Dan Williams, chief of police, said MSU is safer than students typically realize, but that there are still some problems officials need to address.
“Theft is probably our biggest problem on campus,” Williams said. “We’ve had a rash of burglaries towards the end of last semester and the beginning of this semester.”
To Williams, the real tragedy is that students could easily prevent most on-campus thefts if they were more cautious with their belongings.
“Young adults just have a tendency to not really worry about their personal safety and items as much as older adults tend to,” Williams said. “If they would simply lock their doors, that’s all it would take to resolve it.”
Williams said many students let their guard down on campus because they trust their classmates.
“You hate to think that students are going to take [the belongings of other student], but students represent the normal populous out there, and there’s a certain percentage that’s going to take advantage of other students,” Williams said.
Vice President of Student Affairs Keith Lamb said he agrees that students can prevent most of these thefts by exercising some common sense around their belongings, but campus officials can do more to educate students.
“It is obvious that we aren’t getting the message out very well because people still leave their doors unlocked and stuff comes up missing,” Lamb said.
Lamb said he understands it can be inconvenient for students to lock their door just to use the bathroom down the hall, but the alternative can be much worse.
“It’s a bigger inconvenience to come back and find things missing,” Lamb said.
Most of the thefts on campus occur in the residency halls, with the highest proportion of them taking place in Pierce Hall. This means that university police must work closely with housing faculty and resident advisers.
Assistant Housing Director Angie Reay said campus police have started making rounds of the residence halls to make students feel safer in their homes.
“It’s good to have them as a presence in our buildings,” Reay said.
Reay said the police also make up for the lack of cameras in the dorms.
“We have cameras mainly at our entrance and exit areas,” Reay said. “We do have community bathrooms in our halls, so we can’t have our cameras up there.”
Since Williams took over as chief of police two-and-a-half-years ago, according to Lamb, the police are doing more presentations on campus than they have ever done before.

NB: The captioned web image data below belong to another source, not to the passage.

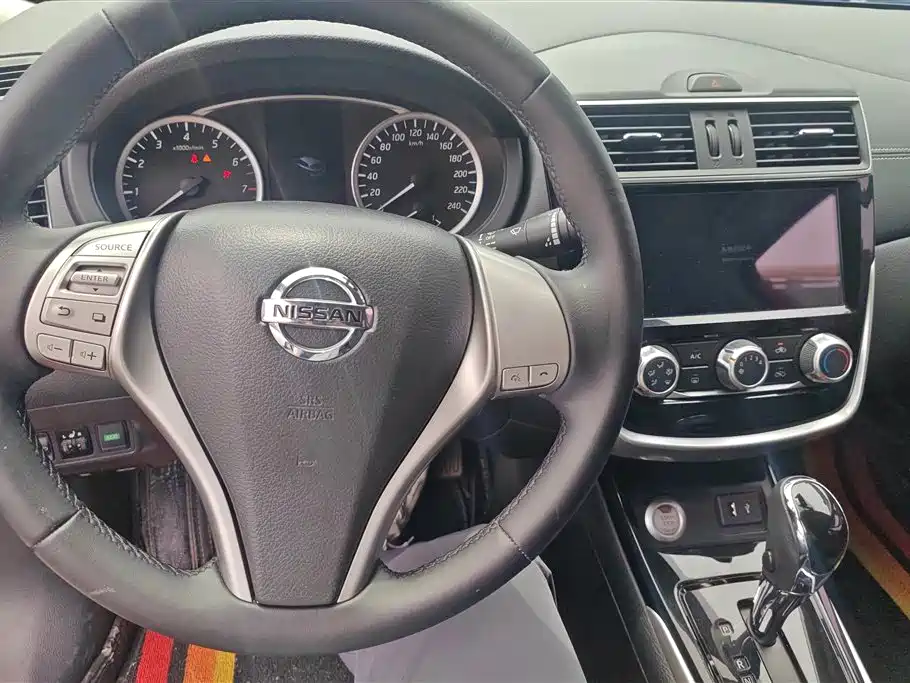 Nissan Tiida 2019 — фото 12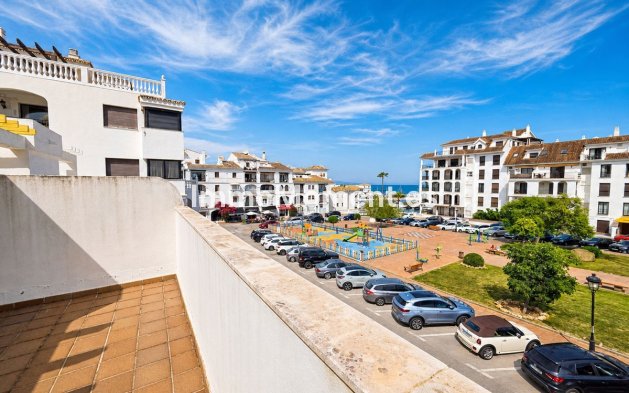 Resale - Villa - Manilva - La Duquesa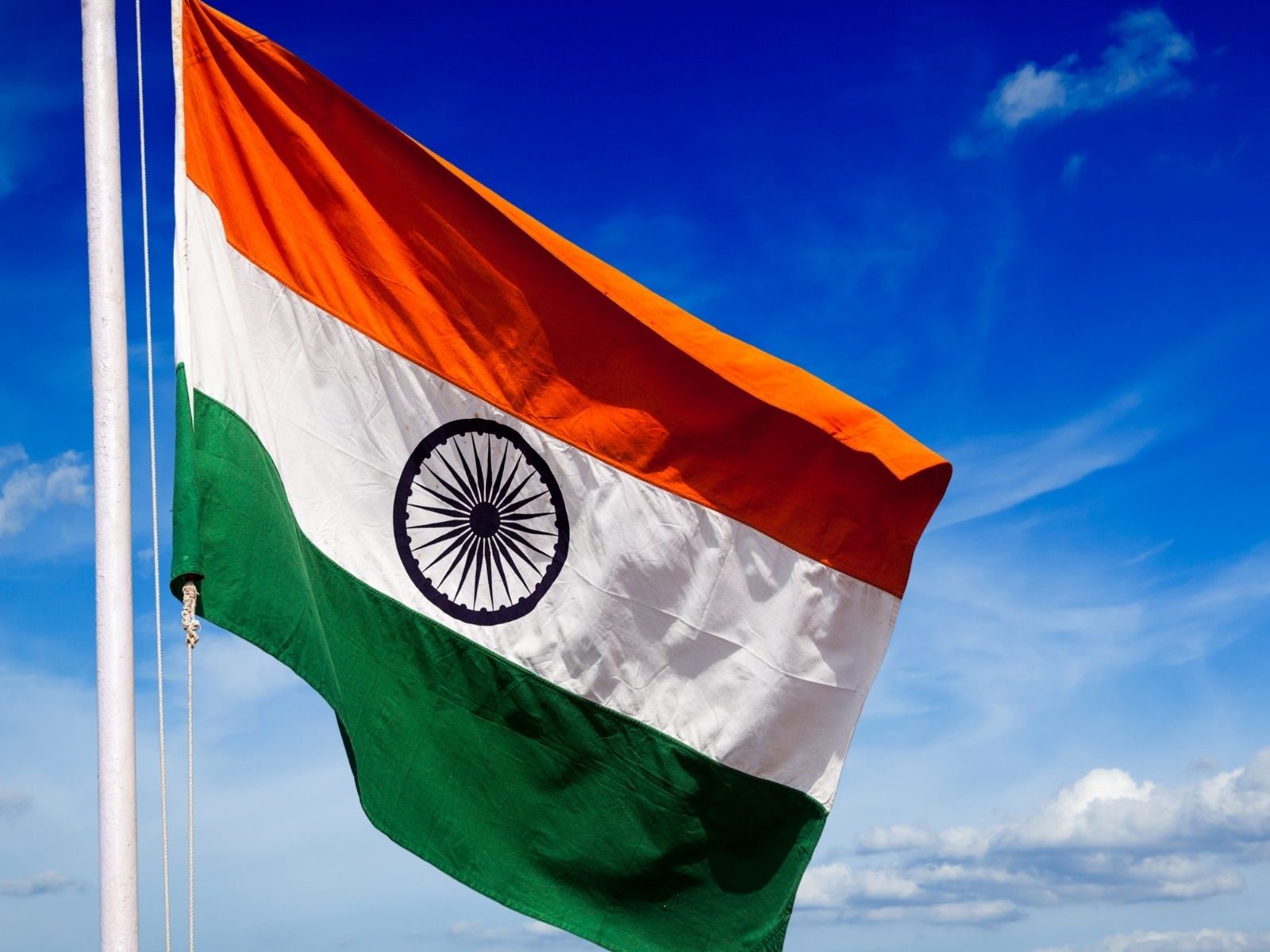 Salaam Tiranga: What is the Difference Between 26 January and 15 August Flag  Hoisting? Know Here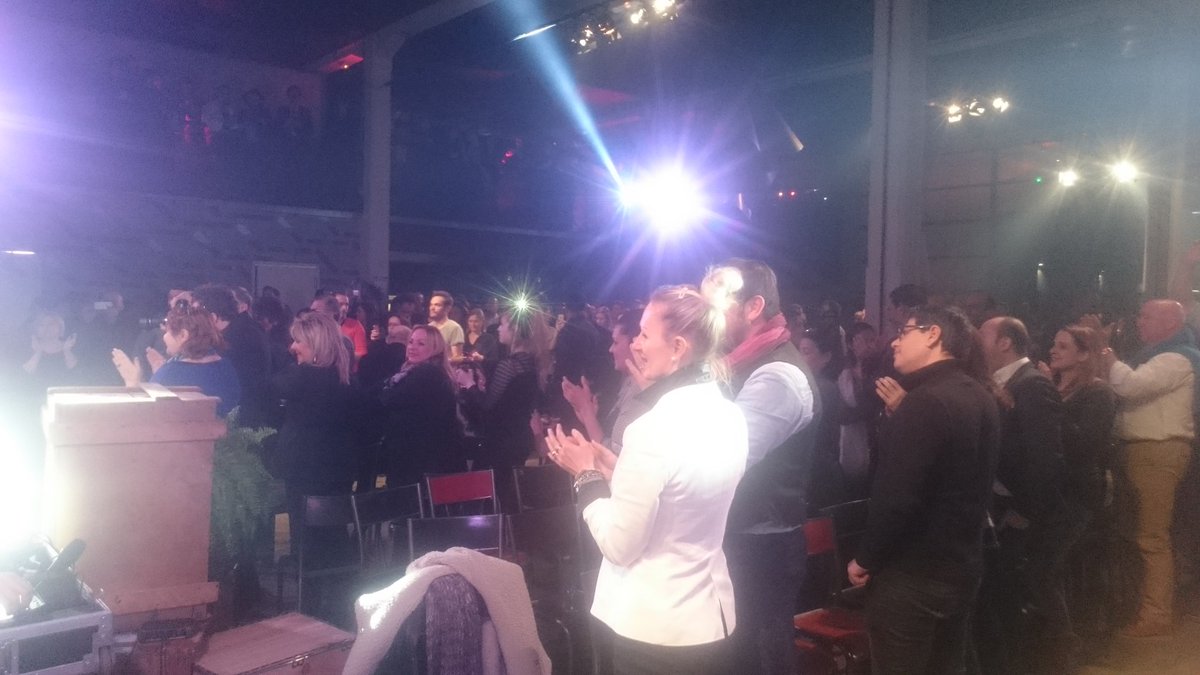 Standing ovation pour #DenimMaker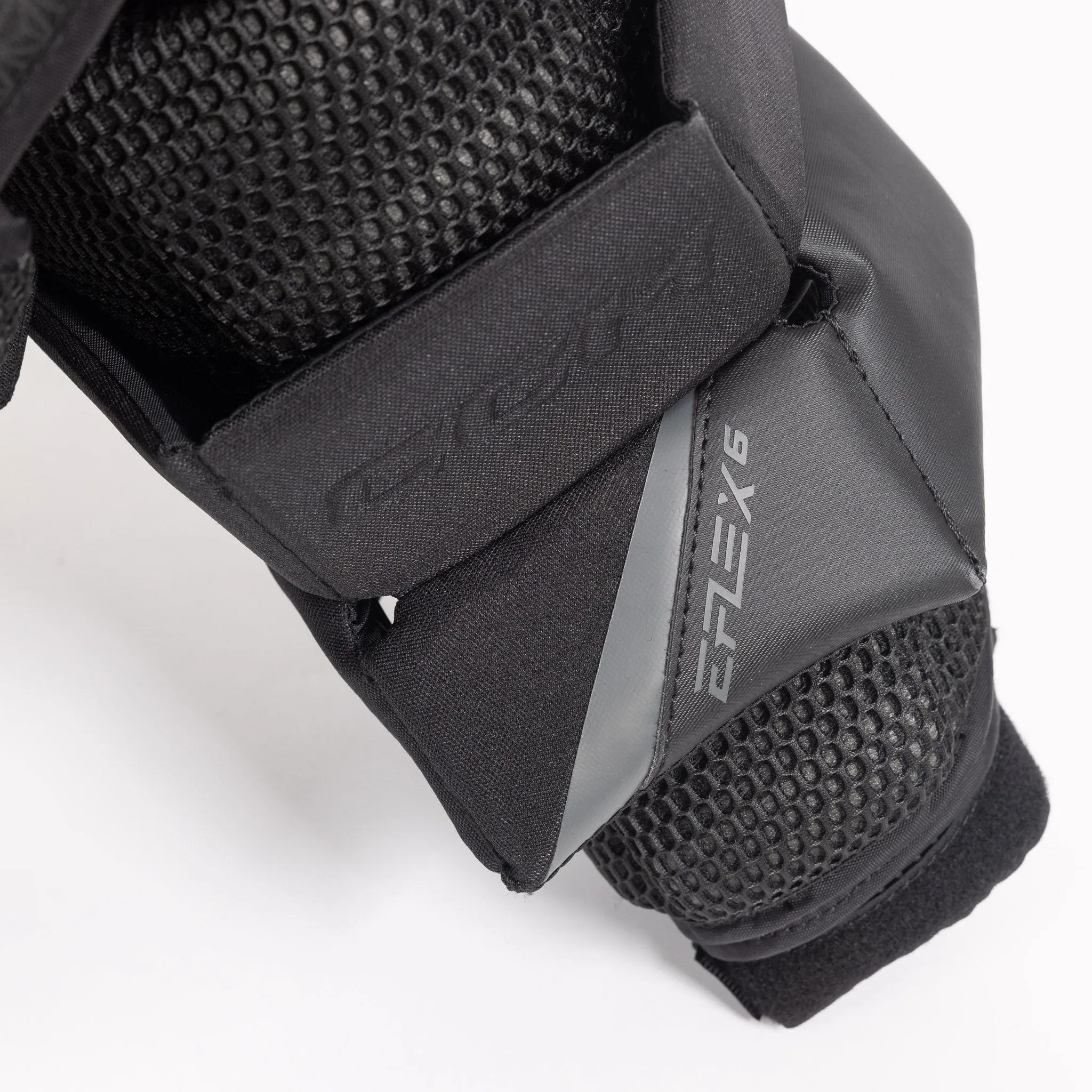 CCM Extreme Flex 6 Intermediate Chest & Arm Protector - Source Exclusive
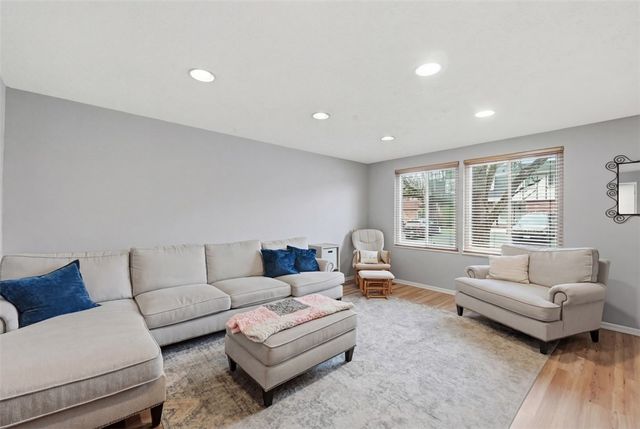 4305 Hemlock Cir, Hampton, PA 15101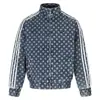 Chamarra Deportiva de Mezclilla Estampado Completo Puntos Pequeños Rayas Blancas Laterales Logo Pequeño Cuello Alto Cremallera Marca de Moda Superior Hombre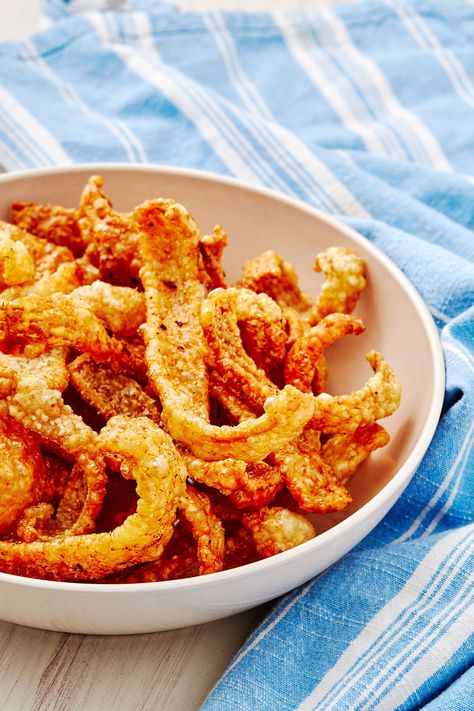 Homemade Pork Scratchings Are The PERFECT Beer Snack Delish UK Pork Stroganoff Recipe, Pork Stroganoff, Pork Scratchings, Best Pork Recipes, Roasted Pork Belly Recipe, Pulled Pork Tacos Recipe, Glazed Pork Chops Recipes, Pub Snack, Roasted Pork Tenderloin Recipes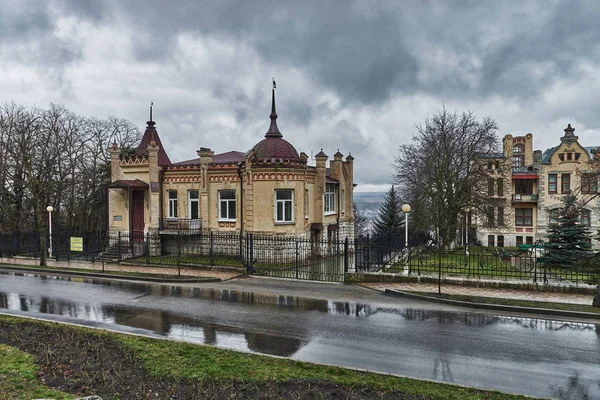 Attracties van het resort stad van Pjatigorsk, kraj Stavropol, Ru — Stockfoto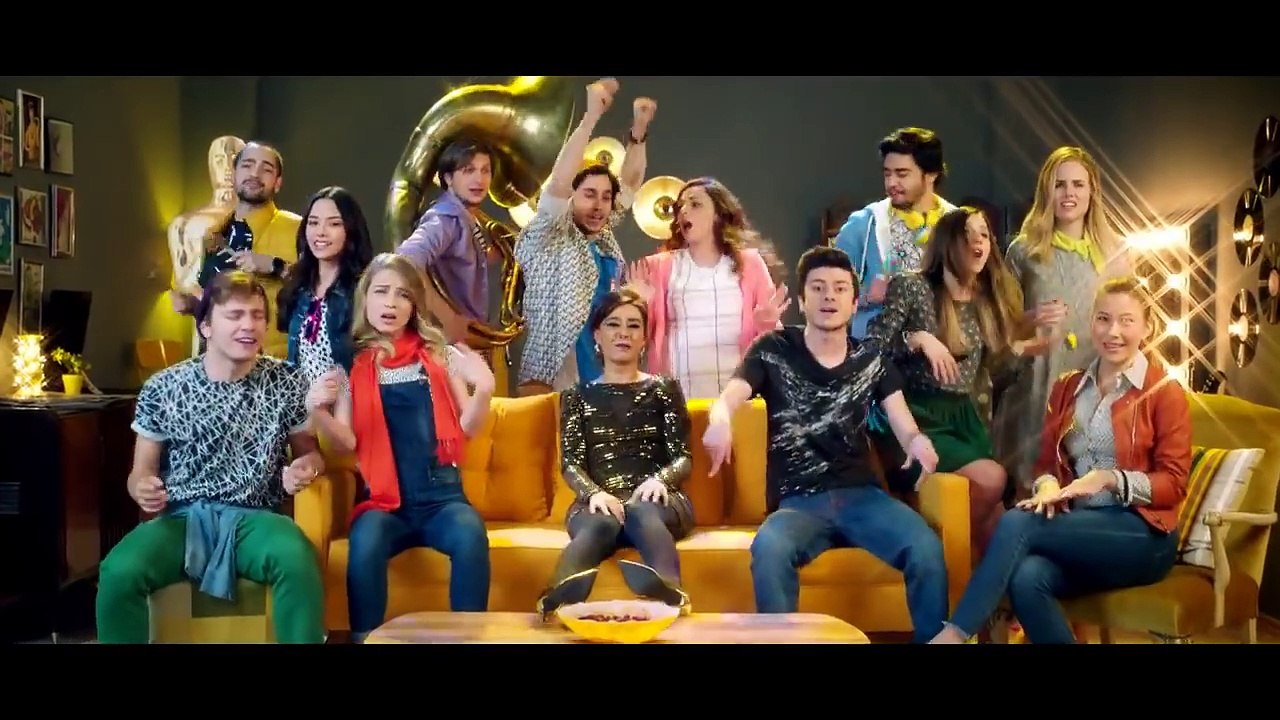 Yıldız Tilbe - Sevgililer Günü Reklamı - Genç Turkcell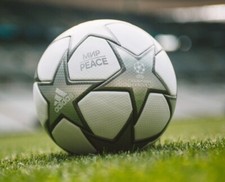 Adidas Finale Peace è pallone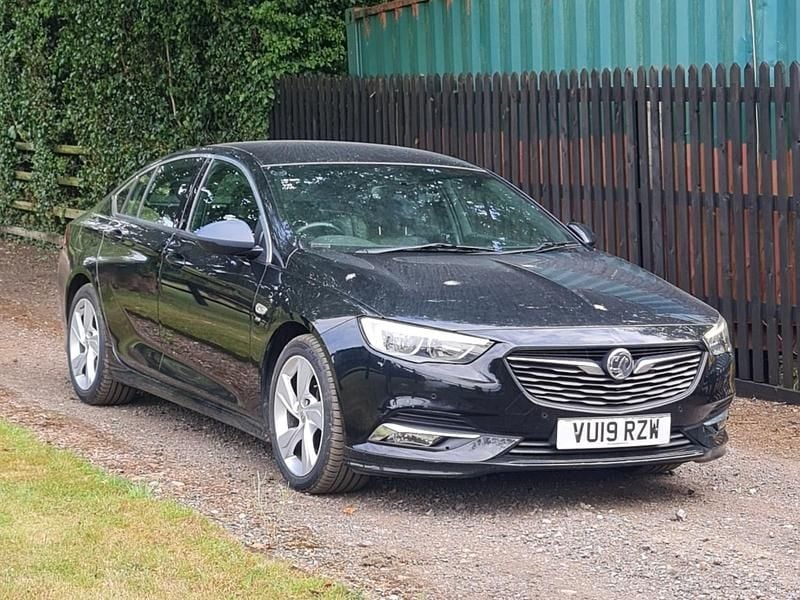 Used Vauxhall Insignia SRi 165 HP (121 kW) 2019 Black Hatchback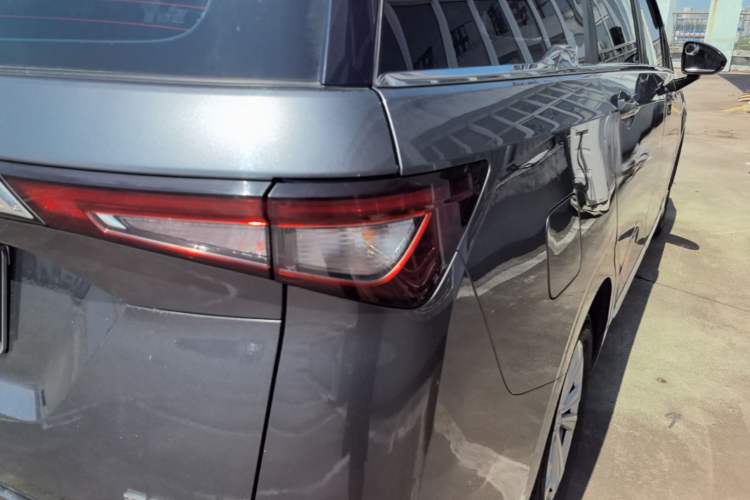Used Wuling Jiachen 2022 1.5T CVT Smart Luxury Version Exterior 3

“The last couple of years under Chief Williams they’ve really started community policing,” Lamb said. “We have a very proactive police force on campus.”
Williams said he encourages his officers to be more active on campus.
“Get out there and be seen. Even if nothing else is going on, be out in that truck,” Williams said. “If they’re seeing you out there, it’s less likely that they’re going to commit a crime.”
He added that it is hard to change someone’s mind when they have already decided to commit a crime.
“But if we’re vigilant enough to be seen,” Williams said, “it may prevent them from [committing crimes] on our campus.”